Der Fördervorschlag für Drygalla kam also vom Deutschen Ruderverband - eine bemerkenswerte Erkenntnis. Drygalla war sogar schon gemustert worden, am 17. Juli in Lüneburg, sie hätte am 1. September einrücken sollen. Der DRV, berichten nun Agenturen aus Bundeswehrkreisen, habe den Antrag am 2. August zurückgezogen.

Das legt, neben weiteren Umständen, die Vermutung nahe, dass Sennewalds Version die zutreffende ist. Der sagt, dass auch seine Ehefrau beim Kölner Treff mit Woldt zunächst zugegen war und somit Zeugin der Gesprächspassagen zur Privatsituation Drygallas. Auch stellt sich ja grundsätzlich die Frage, warum ein Sportdirektor nicht sofort nach Gründen fragt eingedenk der ungewöhnlichen Mitteilung, dass eine 23-jährige Olympionikin aus dem Polizeidienst ausschied und damit aus der Sportförderung. Das ist das Rundum-Versorgungspaket für deutsche Athleten.

Dazu erklärt Woldt, für ihn gab es keinen Grund zur Annahme, "dass Drygalla durch ihr Ausscheiden aus der Polizei ein Problem sein könnte"; sie sei ja beim Landesverband angestellt gewesen. Doch das berechtigt nicht zur Förderung, es löst das Problem nicht.

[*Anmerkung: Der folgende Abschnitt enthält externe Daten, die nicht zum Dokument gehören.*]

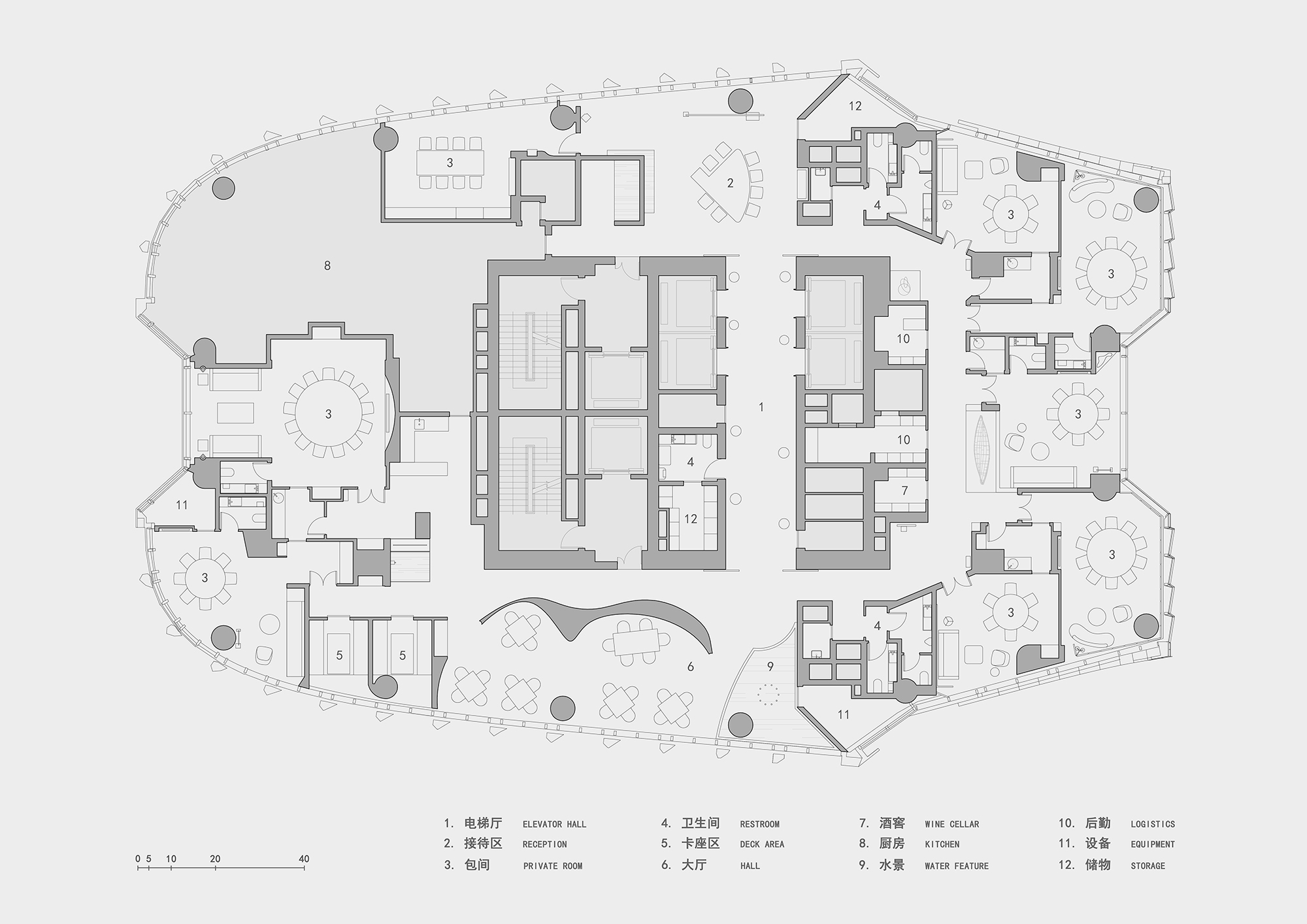 春山秋水,潮林府,春山秋水作品,杭州潮林府,春山秋水作品合集,春山秋水設計案例,潮汕菜餐廳設計案例,深圳春山秋水,餐廳設計案例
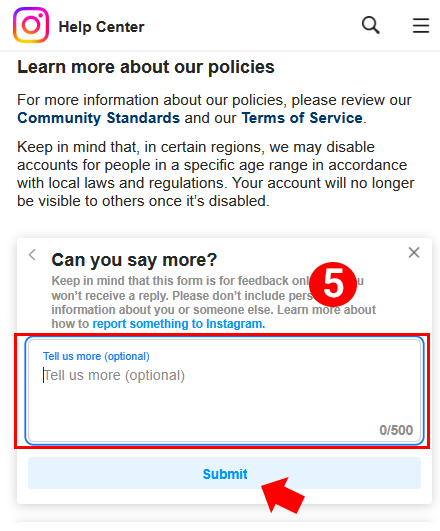 appeal to disabled instagram account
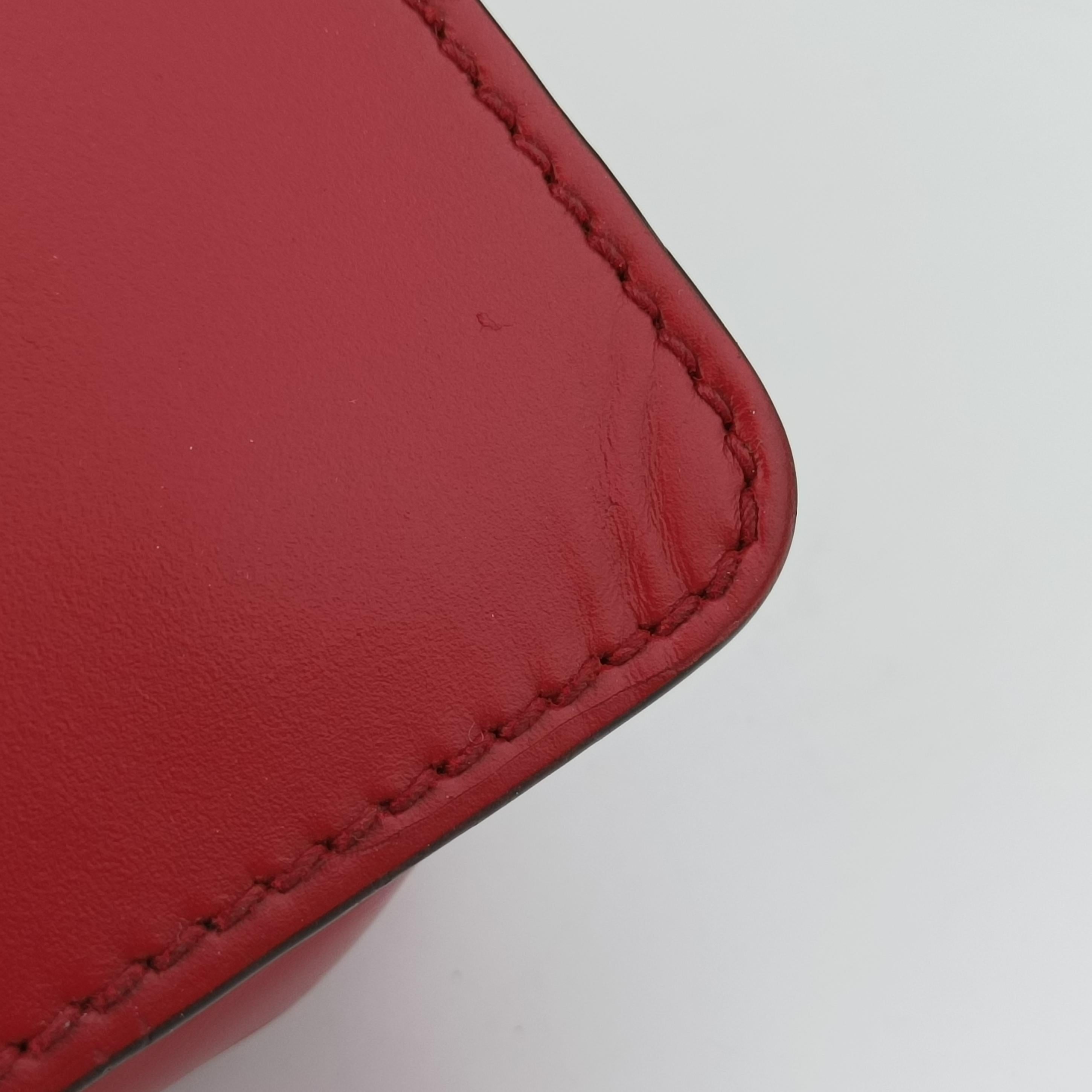 Vintage Gucci Sylvie Red×navy Leather 421882 shoulderbag | stylenewstar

Woldt räumt ein, "mit heutigem Wissen" sehe er die Sache anders: Da "hätte ich noch mal nachhaken müssen".

Verantwortung schiebt er aber zu Sennewald: Der habe "ja nie etwas dazu schriftlich beim Vorstand eingereicht", obwohl es "vielfältige lange Mails von Sennewald an den Vorstand" gegeben habe. Woldt findet, man hätte "so ein Thema generell nicht nur durch ein Gespräch unter vielen an einem Regatta-Platz abhandeln" können.

Das mag sein. Aber warum wurde Sennewald dann nicht darauf hingewiesen? Woldt ist hoher Hauptamtlicher des deutschen Fachverbandes, insofern wohl eher Ansprechpartner als die ehrenamtlichen Funktionäre. Und eine Art Anmeldeformular für derlei Privatprobleme gibt es im organisierten Sport ja nicht. Sennewald sagt: "Wenn ich mit dem Sportdirektor ein Gespräch führe und am Ende sogar von ihm einen Lösungsvorschlag bekomme, mit dem ich sehr zufrieden war, dann habe ich doch gar keinen Anlass, mit dieser Sache auch noch an andere Leute zu gehen."

Manche Fragen zur verbandsinternen Sprachlosigkeit klären sich nun. Sennewalds Anwalt hat den DRV bereits um ein schnelles Signal für dessen Gesprächsbereitschaft gebeten. Das werde nun erfolgen, sagte DRV-Justitiar Stefan Felsner. Und Sennewald selbst erklärt, er habe Woldt schon am Sonntag auf dem Anrufbeantworter eine Rückrufbitte hinterlassen. Woldt, in London mit britischem Handy ausgestattet, teilte am Mittwoch mit, er habe seinen deutschen Anrufbeantworter noch nicht abgehört.